La Rulo y su arte de capturar el alma andacollina
Rodelinda González y su inseparable máquina fotográfica, con la que lleva más de 40 años ganándose el sustento diario a través de los retratos.
“Ahora tengo un autito, pero antes caminaba más que Kung Fu buscando dónde sacar fotos”, cuenta con humildad Rodelinda González Aliaga. Quizás su nombre no resulte tan familiar, pero basta decir “La Rulo” para que en Andacollo todos sepan de quién se habla. Esa mujer delgada, de paso rápido, que desde hace décadas recorre la comuna buscando ganarse el sustento con su inseparable cámara.
“¡La Rulo, nomás! Dígame así”, dice entre risas. El apodo la acompaña desde la infancia, por su cabellera crespa. “La Rodelinda se perdió en el tiempo y la Rulo se hizo famosa”, comenta sonriendo, agregando que incluso el sacerdote la llama de esa forma.
Su historia no fue fácil. Creció en el sector Manganeso, en una familia humilde. “Mis padres fueron muy buenos, pero éramos muy pobres. Con mis hermanos hacíamos pallaqueo, recuperando mineral para venderlo. Nada de infancia feliz”, recuerda. La adolescencia tampoco trajo alivio. Estudió en la Escuela Parroquial y llegó hasta segundo medio en el liceo, pero la vida tomó otro rumbo. “Nunca pensé en estudiar. Me casé joven y lo mejor de esos tres años fueron mis dos hijos. Luego me separé”, relata sin rodeos.
Desde entonces, luchó sola por sacar adelante a su familia. Lavó, planchó y realizó aseo en casas particulares. Con el tiempo, su hija mayor la ayudó a criar a su hijo Gerardo, quien trabajó en la minera y falleció hace algunos años, dejando tres hijos. Hoy, la Rulo vive junto a su madre, Nely Aliaga, de 92 años, en el Barrio Norte. Además, cuenta con su propio departamento en el Condominio Los Álamos, una vivienda social que cuida con orgullo.

Con rollos
La fotografía llegó a su vida por necesidad. Quería una foto de su hijo, pero el fotógrafo de la plaza no quiso tomarla. “Ahí empezó todo”, dice. Reunió dinero y compró su primera cámara, sin saber siquiera cómo poner un rollo. “Estamos hablando de hace más de 40 años. Aprendí en el camino”.
Hoy trabaja con una cámara Canon, ganada en un concurso de Teck CDA. “No soy profesional, es mi oficio y con esto me gano la vida”, afirma. En ese recorrido recibió apoyo, especialmente de la exalcaldesa Marcelina Gallardo. “Me llevaba a todas las actividades como fotógrafa y después me compraba las fotos.
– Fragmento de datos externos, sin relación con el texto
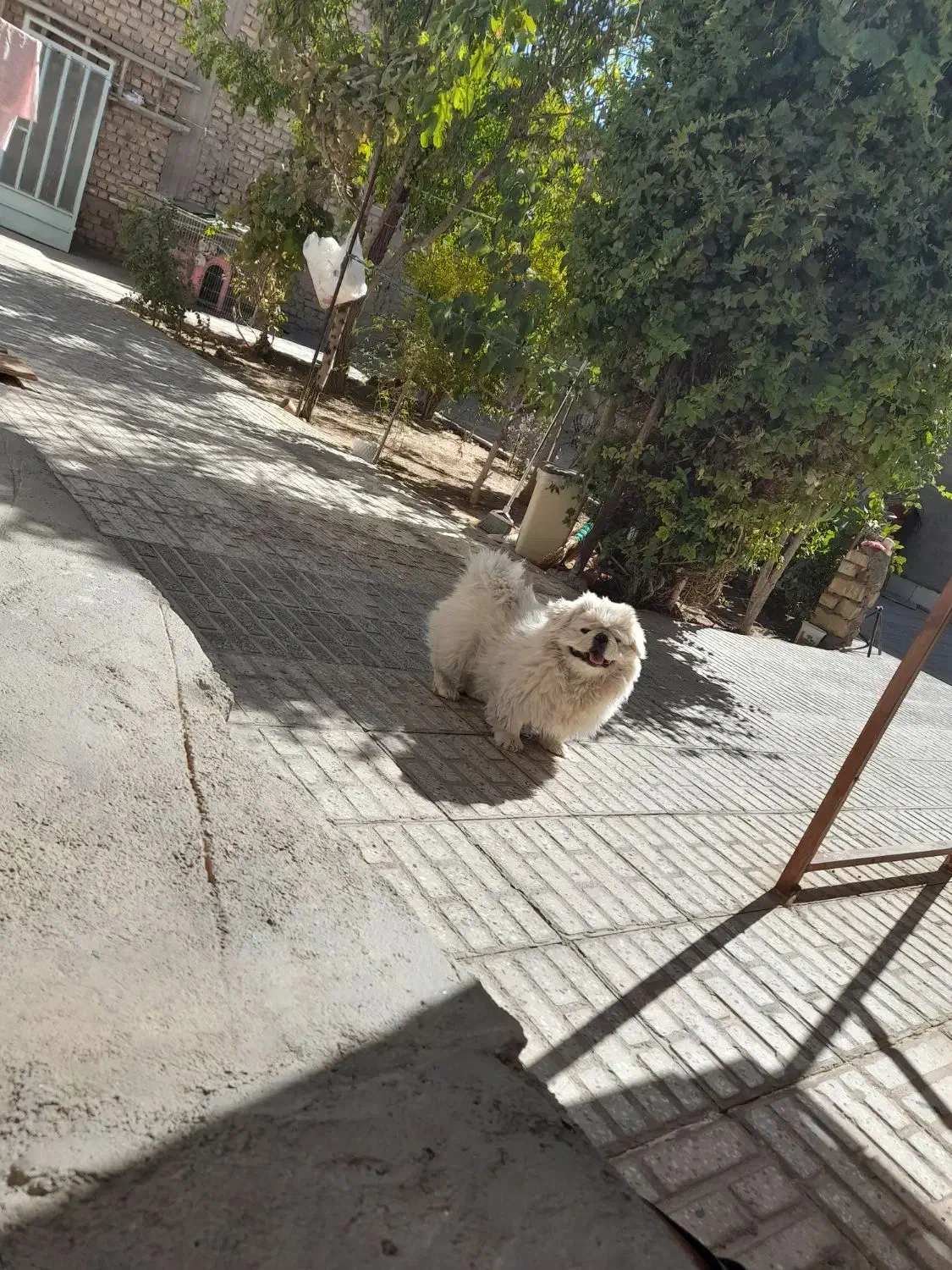 پیکینیزامپریال نر|سگ|شهرضا, |دیوار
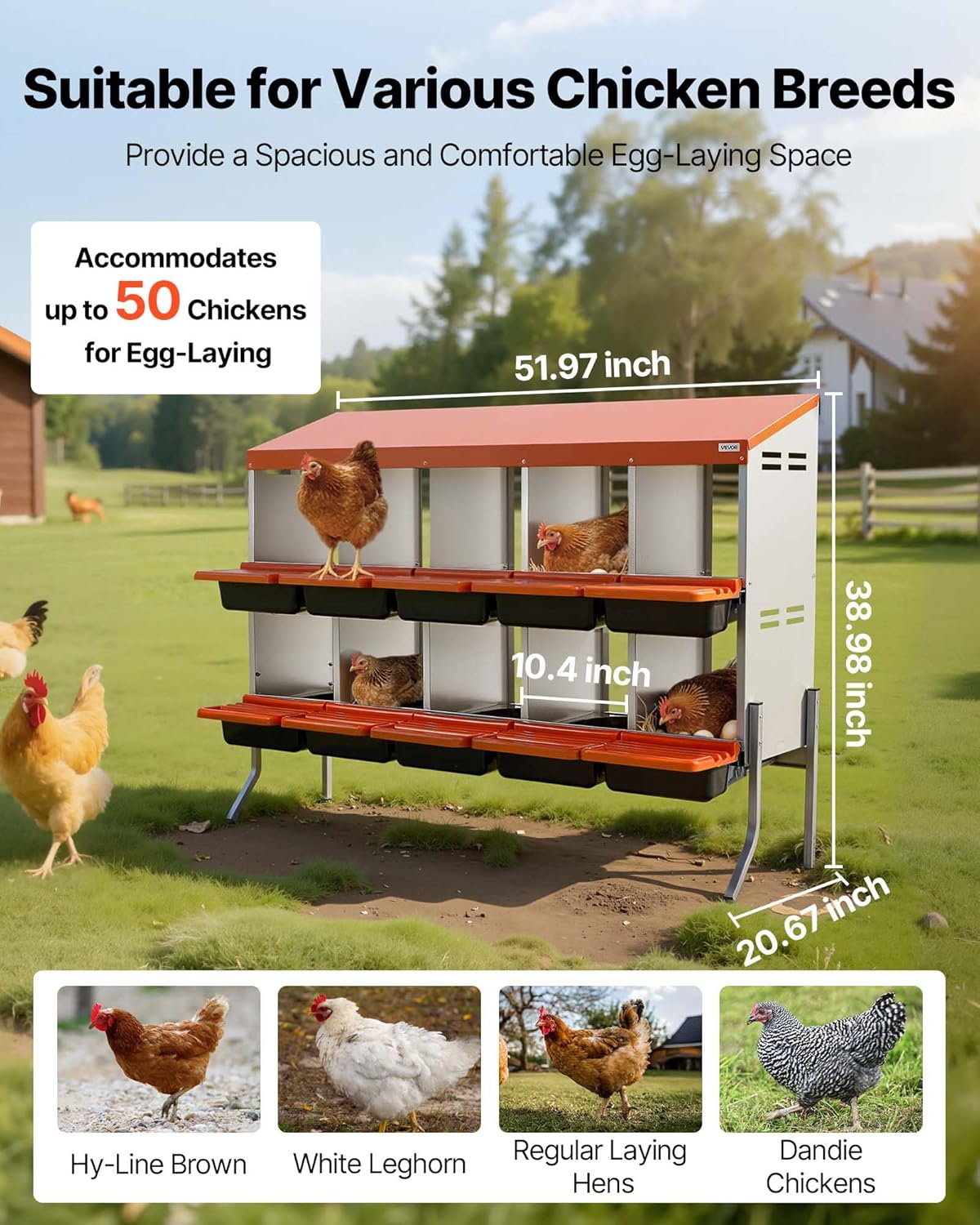 Pondoir à Poules 10 Compartiments Nichoir à Poule en Acier Galvanisé et Plastique Haute Résistance pour Différentes Races de Poules, avec Pieds de Support Espace Ponte Spacieux, 132x52,5x99 cm Orange L 132 x l 53 x H 99 cm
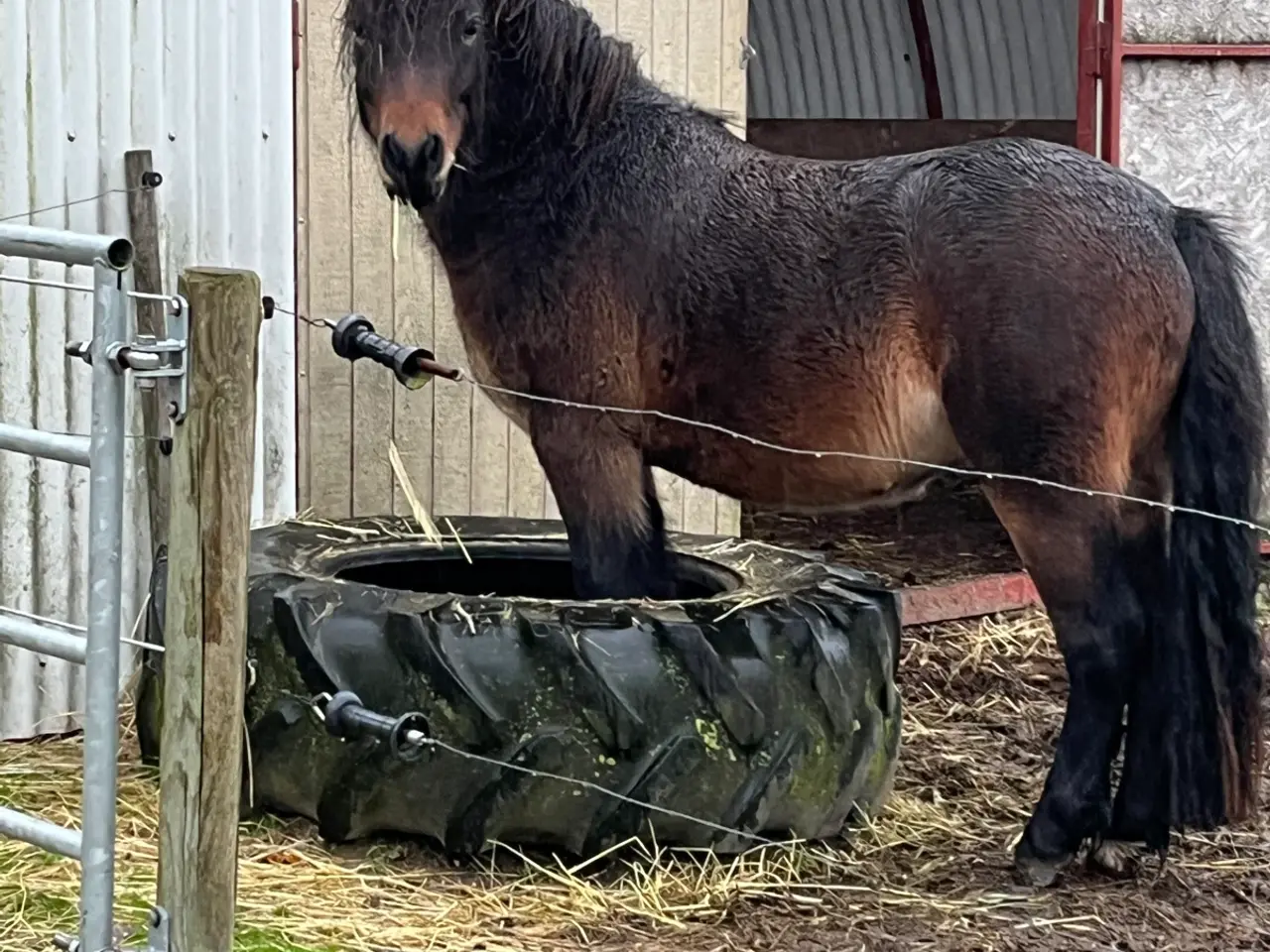 Billede 2 - Dartmoor vallak 3 år
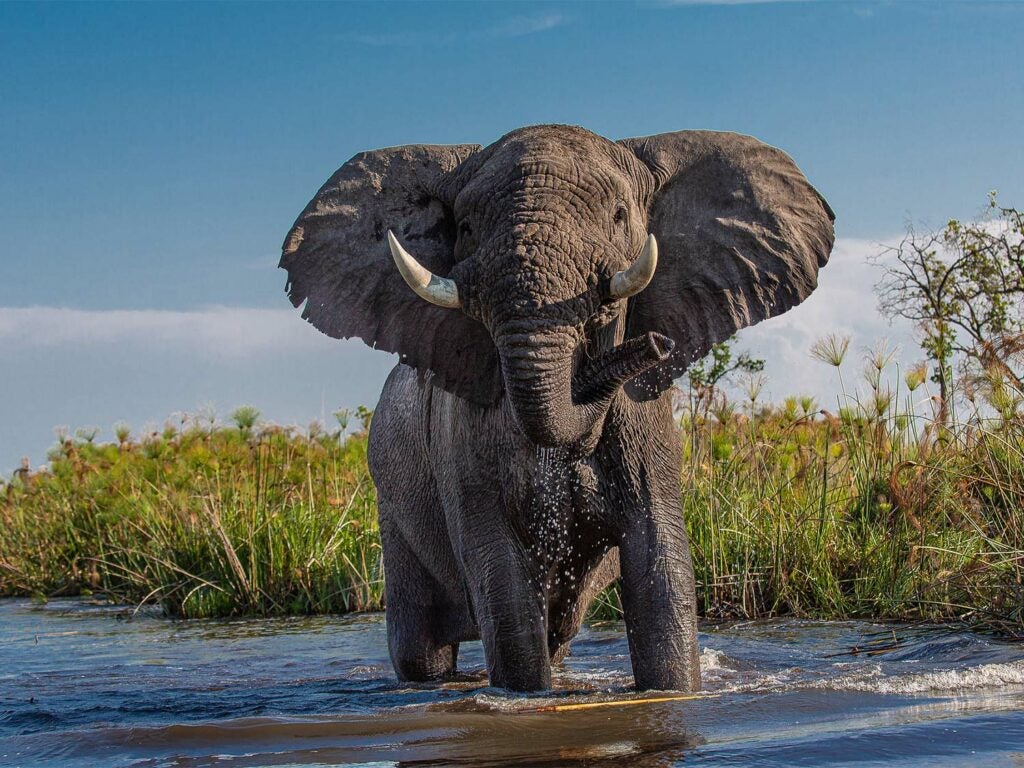 A large African elephant in a stream.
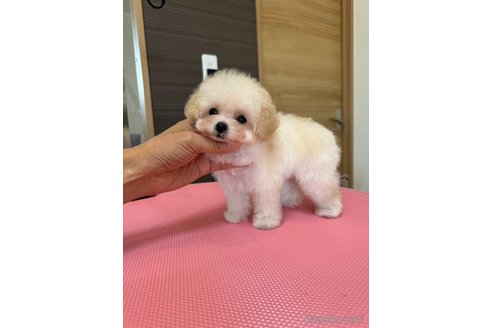 成約済の茨城県のティーカッププードル-333294の7枚目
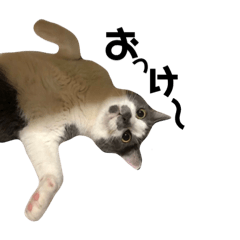 [LINEスタンプ] 猫のジローさん(1)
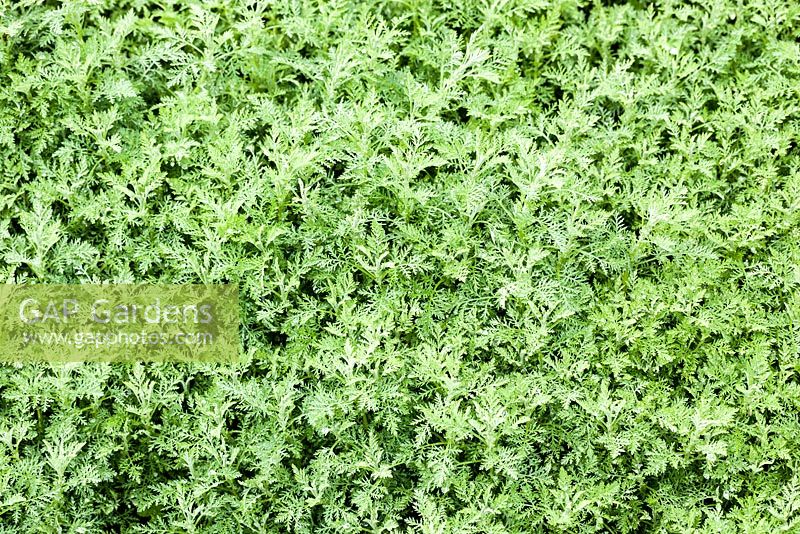 Artemisia pontica - little absinthe - June, France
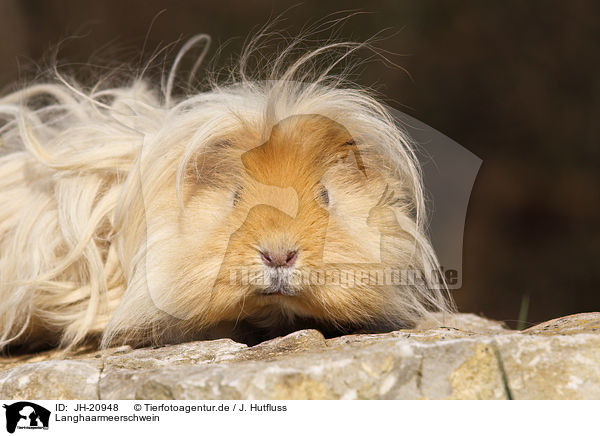 Langhaarmeerschwein / long-haired guinea pig / JH-20948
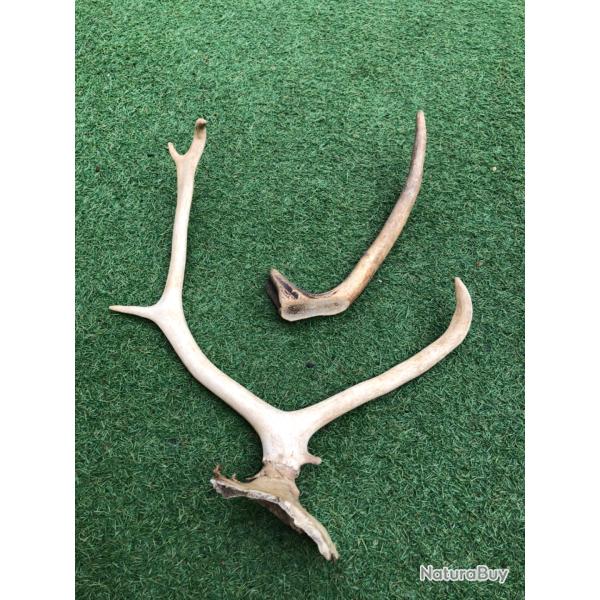 Bois de cerf Pour couteliers ou autre
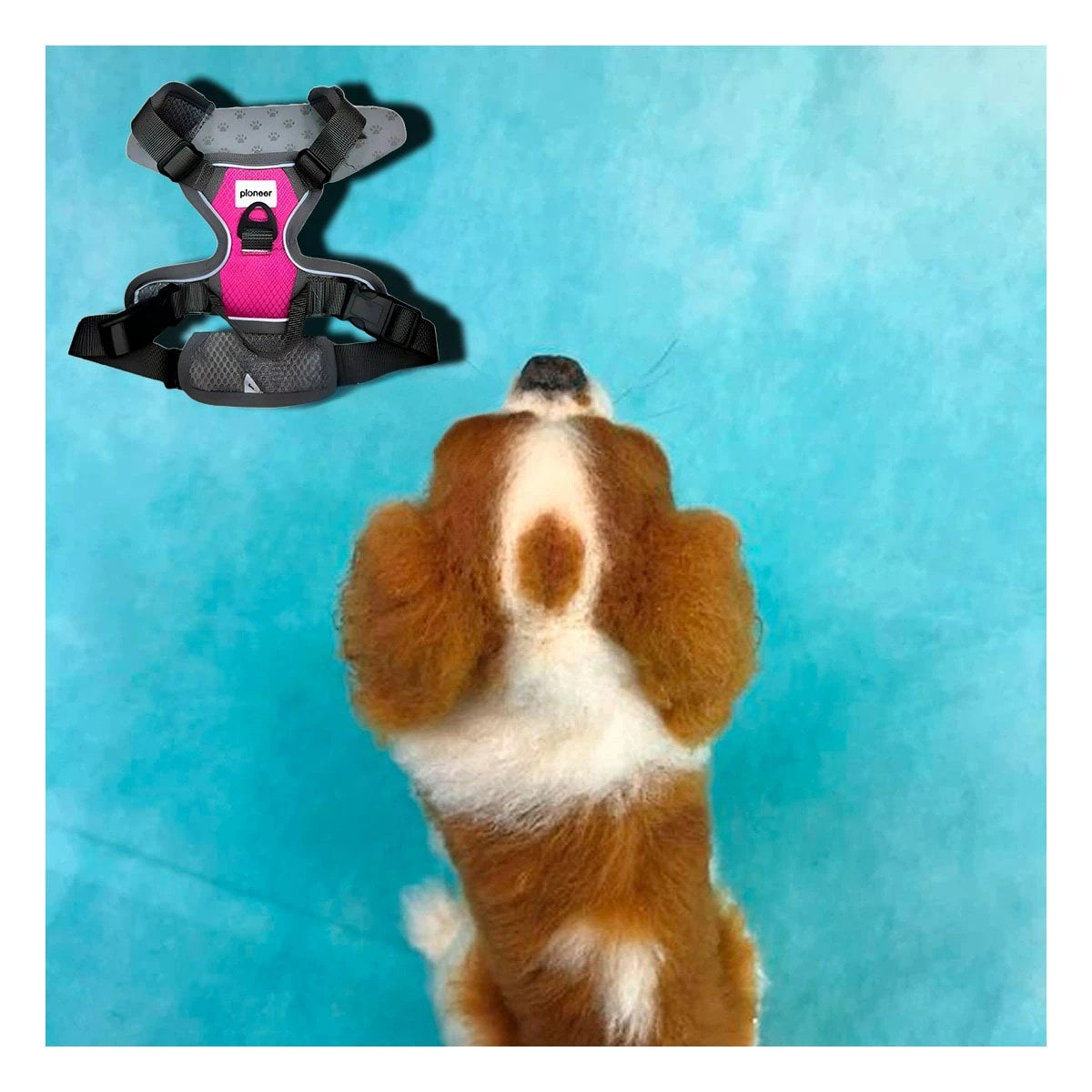 PACK4 CORREA CONFORTABLE FUCSIA PARA PERRO DE TALLA M PARA CAMINATAS Y+REGALO STICKER - 5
No tenía contrato, pero estaba bien”.
Aunque los tiempos cambiaron y la tecnología avanzó, la Rulo sigue fiel a su método. “Trabajo como antes: saco las fotos, voy a La Serena a revelarlas, elijo las mejores y después salgo a repartir. Muchas veces me pagan a fin de mes porque están cortos de plata. Son $1.500 por foto”, explica.
Asegura que las mejores oportunidades están en bautizos, matrimonios, festivales y actividades comunitarias. “Donde es segura la pega es en las escuelas, para aniversarios y actos. Las directoras siempre me llaman”, destaca. En las fiestas de la Chinita, en tanto, la fotografía queda de lado: “Ahí me dedico a deshojar flores cuando sacan a la Virgen”.
Si no hay fotos, no hay ingresos. Aun así, complementa con una pensión de $220 mil y espera recibir la PGU. “Ya tengo 71 años, así que habrá que esperar”, dice con humor.
Pese a las dificultades, no se queja. “Me ha ido bien. Para qué decir otra cosa, si Dios y la Chinita siempre me han ayudado”, concluye la Rulo, reflejo vivo de esfuerzo, dignidad y memoria andacollina.